In the meantime, her abuser was told he could not attend her church. This was the only real support Stephanie experienced at the time. But her abuser still received sympathy and was sent to counseling.

“I felt like the bad guy instead of the victim,” she shared. “He was given sympathy and counseling and I was the bad guy. People could not believe I would press charges. Besides, who was I anyway? The “nobody” that he married and no one knew, only knew of.”

Stephanie was just someone the church knew of.

Why is talking about domestic violence so difficult? Why do we feel awkward listening to someone talk about their experience with domestic violence?

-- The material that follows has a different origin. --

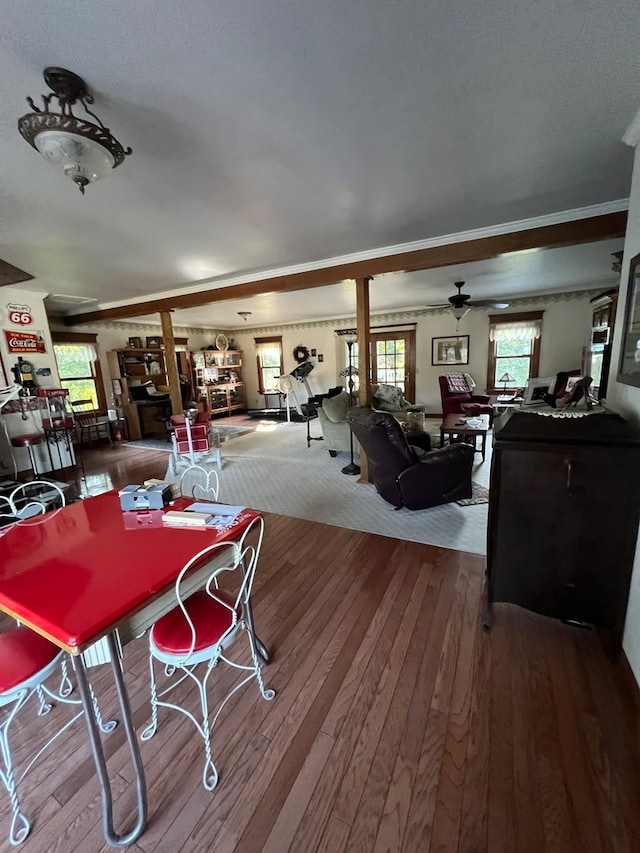 living room with carpet flooring and crown molding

Why do we often find it so hard to engage meaningfully with this issue in our communities?

If you’re like me, someone who has never been abused, I might have an answer for you. It might be because you’ve been privileged enough to think that it’s not your problem. I think a lot of us see domestic violence this way—distant, irrelevant, not close to our bodies and therefore, our hearts.

It is our call and mission as Christians to respond to this epidemic of domestic violence. It is our responsibility to bear up under the weight of this trauma in our communities. 

How wrong we are.

Here are some facts from the Hartford Institute of Religion Research, ABCnews.org, tndagc.org, and the Huffington Post:

318.9 million people live in the U.S. More than forty percent of Americans go to church. In the South, that statistic jumps to sixty-eight percent. One in every four women in the U.S. will be abused at some point in their lives. It is conservatively estimated that between 2 and 4 million women are considered “battered” each year in the United States. Two thousand of those women die every year. Nineteen to thirty percent of women coming into the ER with physical injuries are there because they have been abused.

While there is no typical victim of domestic violence, there are certain characteristics that make women more susceptible to being abused and those are: being single, separated, or divorced, having poor self-esteem, or being pregnant. The number of women who were murdered by current or ex male partners between 2001 and 2012 was nearly double that of American troops killed in the war in Afghanistan and Iraq during that same time. To read more alarming statistics, click here.

Take a deep breath. I know that was a lot. After reading that, you probably feel a little bit like I did during my fifth grade English class. Those numbers should absolutely rock you. But then again, are any of us really that surprised?

Maybe you think this doesn’t really apply to you because while the issue alarms you, you believe that you do not know anyone who has experienced anything like this.

It honestly hurts me to say this to you. You. Are. Wrong.

Domestic abuse affects women of all backgrounds in all walks of life. We do not have the luxury of removing ourselves from the global epidemic of gender-based violence. Statistically speaking, there is likely at least one woman sitting in the very same pew as you week to week in church who has been or is currently being abused. It is your problem. Why? Because those suffering abuse need trustworthy allies and real support. It is our call and mission as Christians to respond to this epidemic of domestic violence. It is our responsibility to bear up under the weight of this trauma in our communities.